Image Management and Relational AggressionBy
Image management – what is it? Is it keeping your image polished, restoring one that’s damaged, or creating one that’s new and shiny? Perhaps it’s more technological and refers to managing digital images. If it were any of these, I’d advise you to seek an Image Management Coach, PR agency, or computer geek. No need for any of those, though. All you need is yourself and the ability to honestly self-reflect. Image management is maintaining perceptions of self through the use of coping strategies. Let me illustrate through examples.
Mia, a middle school girl, sees herself as artistic, interesting, and witty. She, as do we all, looks for validation of her self-dubbed labels. When someone compliments her artwork, listens to what she has to say, or laughs at her witty retorts, her perceptions are reinforced. To manage her image, Mia works diligently to produce her artwork and looks for opportunities to connect and display her wit.
Sally is a corporate executive. She sees herself as competent, in control, and well-liked by her employees. Her self-image is validated when her employees smile at her, complete their projects, and work runs smoothly. To manage her image, Sally works relentlessly to be pleasant to her employees and to control each step of every project to ensure quality results.

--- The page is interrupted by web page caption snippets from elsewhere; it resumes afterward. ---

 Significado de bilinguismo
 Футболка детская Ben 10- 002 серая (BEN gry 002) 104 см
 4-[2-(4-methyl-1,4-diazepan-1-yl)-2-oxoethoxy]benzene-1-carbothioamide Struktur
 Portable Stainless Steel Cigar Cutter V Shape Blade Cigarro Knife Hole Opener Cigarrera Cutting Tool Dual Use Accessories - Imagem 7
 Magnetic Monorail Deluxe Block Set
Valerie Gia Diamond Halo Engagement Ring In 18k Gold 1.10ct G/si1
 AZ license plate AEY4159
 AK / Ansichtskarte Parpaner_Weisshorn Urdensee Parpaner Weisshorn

She looks for opportunities to prove her competence.
Both Mia and Sally use image management to reinforce their self impressions. As long as they interpret others to be experiencing them as they wish to be experienced, they feel balanced. But watch them go off kilter when others have a different impression.
The Mirror Metaphor
When we polish our hypothetical image mirror, we expect it to be shiny. And then someone smears it up after all the work we’ve put into managing our image! Others may interpret our reflection differently than we. In Mia’s case, some classmates see her wit as an excessive attempt to gain attention. Some of Sally’s employees see her as controlling rather than in control.

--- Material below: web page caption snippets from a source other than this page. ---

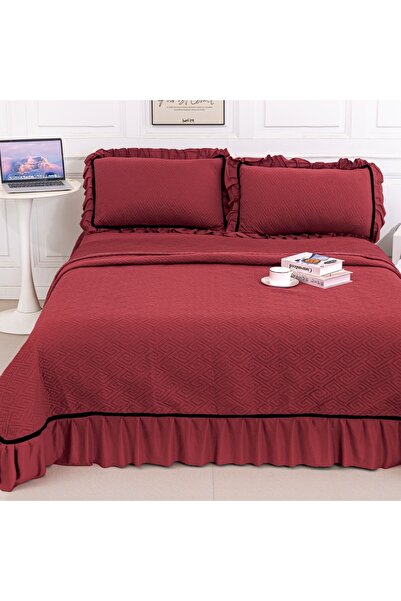 Casa de vis Online Double-sided duvet set, Casa de Vis Online, quilted, 3 pieces, pink, 220 x 240 cm, CC-47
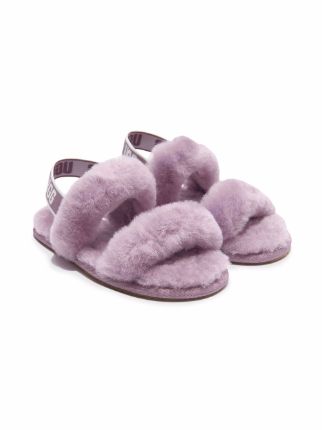 Ugg fur slides online purple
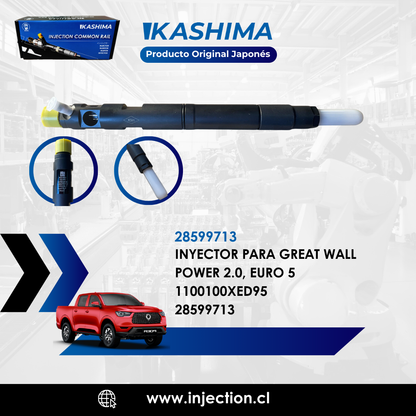Inyector para Great Wall Power 2.0 Euro 5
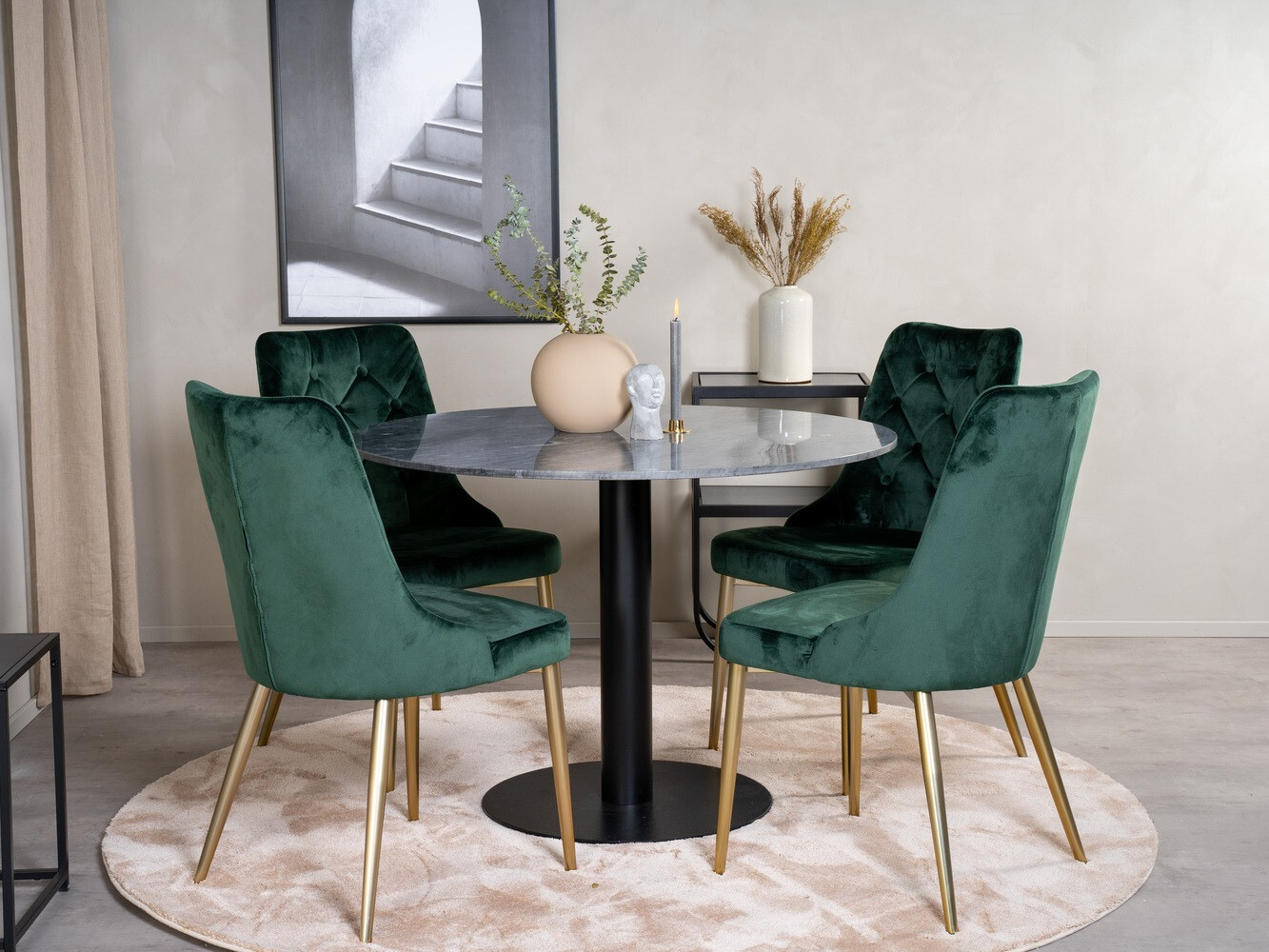 Set de dining Dallas 1627 (Verde)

A secure individual can bounce back quickly when her self-image is challenged by others’ words or reactions. No matter how secure we are, though, when challenged frequently, it’s time to go inward and take inventory. We need to honestly assess whether we are acting and living authentically or if were managing our image to portray someone we’re not.

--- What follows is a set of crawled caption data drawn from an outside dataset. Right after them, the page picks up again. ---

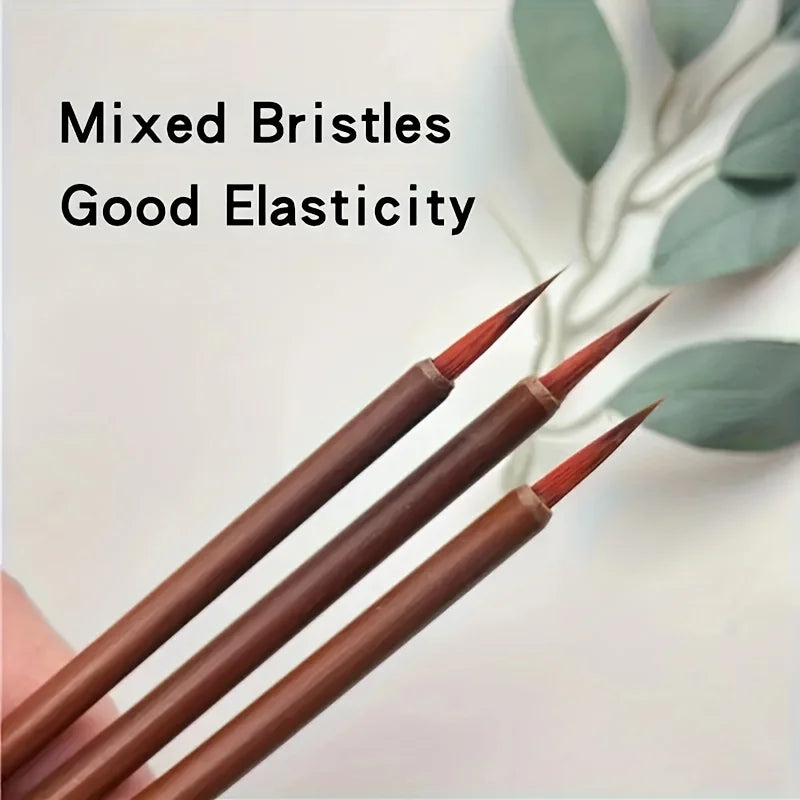 8-Piece Fine Tip Miniature Paint Brushes – Acrylic & Watercolor Miniature Paint Brushes Axl 8pcs
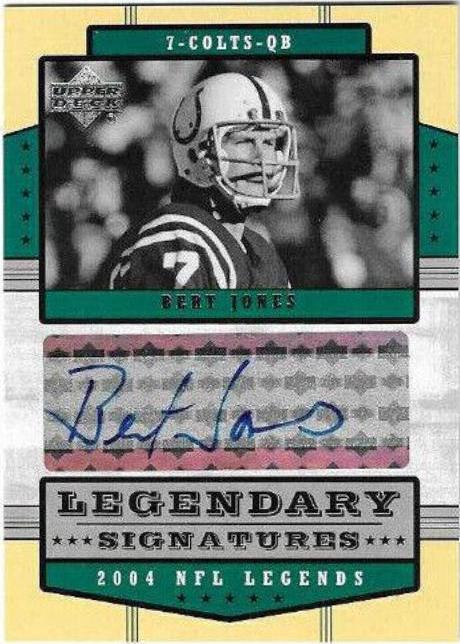 Bert Jones #LS-BJ Football Cards 2004 Upper Deck Legends Legendary Signatures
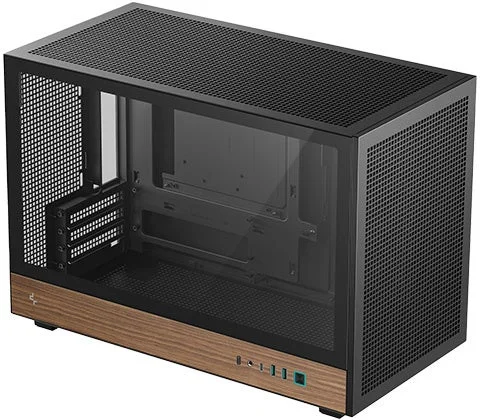DeepCool、木目調ミニタワーPCケース「CH260 WOOD」を3月13日発売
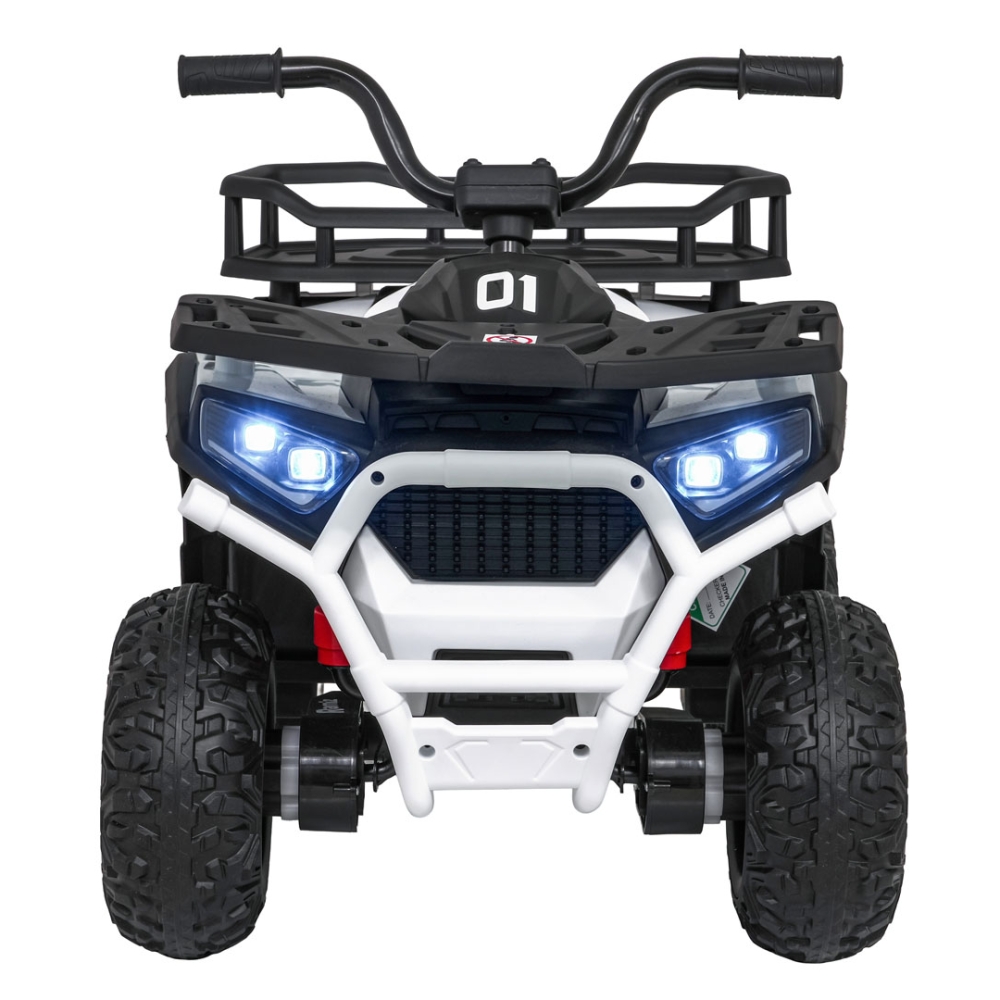 Elektrinis keturratis ATV Robust 01, White-Elektromobiliai vaikams, Keturračiai ir bagiai-e-vaikas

Fear and Relational Aggression
When others’ reactions implicate they don’t share our self-image, the incongruence can produce feelings of irritation, anger, confusion, or self-doubt. The underlying feeling, though, is fear.
We fear we may not fit the image we want. A person who will not honestly self-reflect and adjust can resort to relational aggression to discount the people who don’t agree with her or share her self-assessments.
Mia might label the kids who don’t enjoy her wit as humorless or too dense to “get it.” She may go as far as starting rumors about kids who don’t seem to like her in order to discredit them.
Sally might have an employee who asks for freedom to complete a project with less direct input. The employee may go as far as speaking up to Sally and saying she finds Sally to be too controlling. Sally could discount this request by labeling the employee as insubordinate, cheeky, or incompetent. To prove her point (and save her image), Sally could resort to becoming a bully boss. By finding negative “evidence” about the employee instead of self-reflecting, Sally will probably find reason to let her go. Score? Image management 1, self-growth 0.
We need to help our girls learn to self-reflect and be honest about who they are instead of resorting to emotional bullying for image management. Everyone has a shadow part. As women, we should do the same. And we should know that by now.